Recenzja filmu

Django (2012)
Quentin Tarantino
Jamie Foxx
Christoph Waltz

Siodłaj konia, Quentin

Na początku tego filmu powinna zostać wyświetlona informacja w stylu "Nawet jeśli polubiłeś któregoś z bohaterów tej historii, nie przywiązuj się do niego". Django to farsa dość nieobliczalna,
Na początku tego filmu powinna zostać wyświetlona informacja w stylu "Nawet jeśli polubiłeś któregoś z bohaterów tej historii, nie przywiązuj się do niego". Django to farsa dość nieobliczalna, jak cały Tarantino. Bohaterów jest dużo i równie dużo jest trupów. Są wybuchy, strzelanie w kolana i między nogi, fruwające wnętrzności, dobrzy i źli faceci, czyli jak to u starego dobrego Quentina.

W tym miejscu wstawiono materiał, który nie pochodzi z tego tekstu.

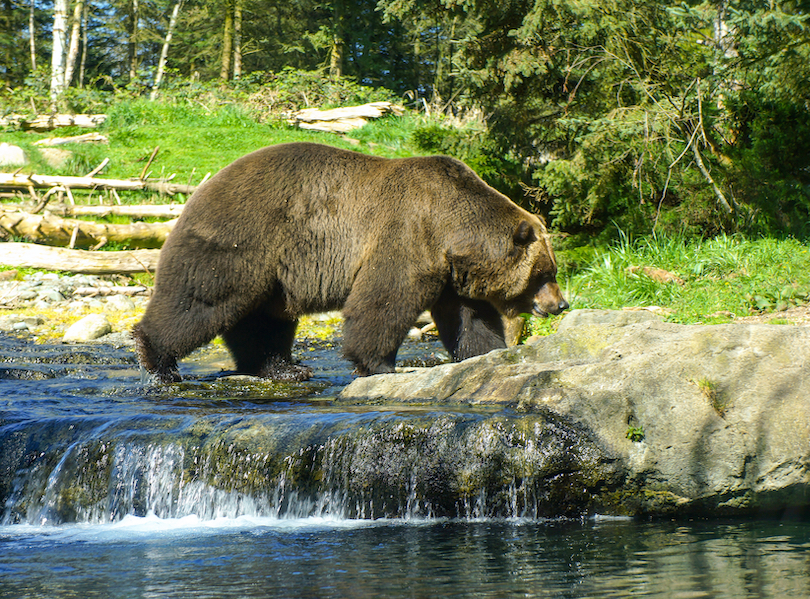 Waldpark-Zoo Waldpark-Zoo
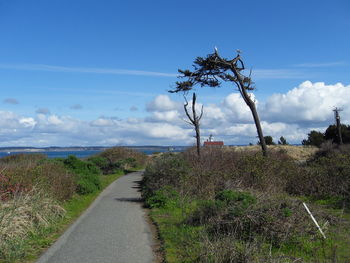 Road amidst plants on field against sky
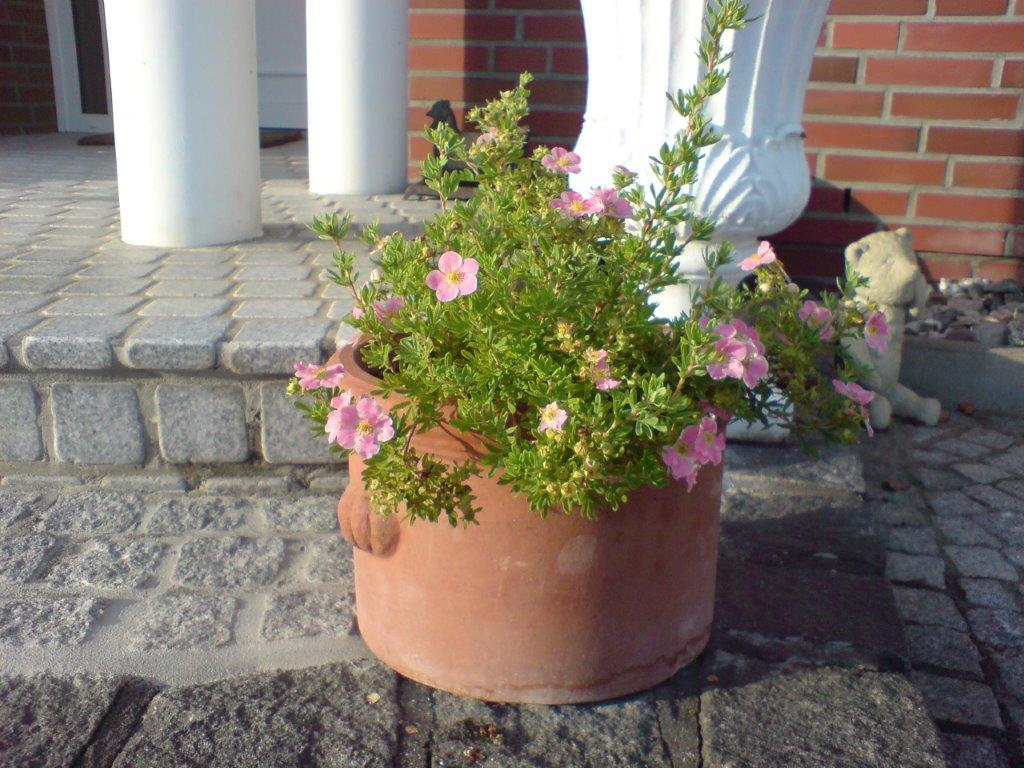 POTENTILLA-fruticosa-Lovley-Pink-3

A wszystka zaczyna się w roku 1858, w pogrążonych w niewolnictwie Stanach Zjednoczonych. Dentysta z zamiłowania, a z powołania łowca głów - Dr King Schultz (nominowany za tę rolę Christoph Waltz), wykupuje z niewoli pewnego czarnoskórego mężczyznę imieniem Django (Jamie Foxx). Zawierają umowę, wedle której były niewolnik pomoże schwytać trzech poszukiwanych listem gończym braci, a w zamian dostanie wolność. Jak to w życiu i w "zabijaniu białych za pieniądze" (co stało się codziennością owej pary), współpraca się przedłużyła i rozszerzyła o uwolnienie żony Django z rąk handlarza niewolnikami (rzadko spotykany w roli złego charakteru Leonardo DiCaprio). Panowie wyruszają więc do Missisipi, aby odbić ukochaną.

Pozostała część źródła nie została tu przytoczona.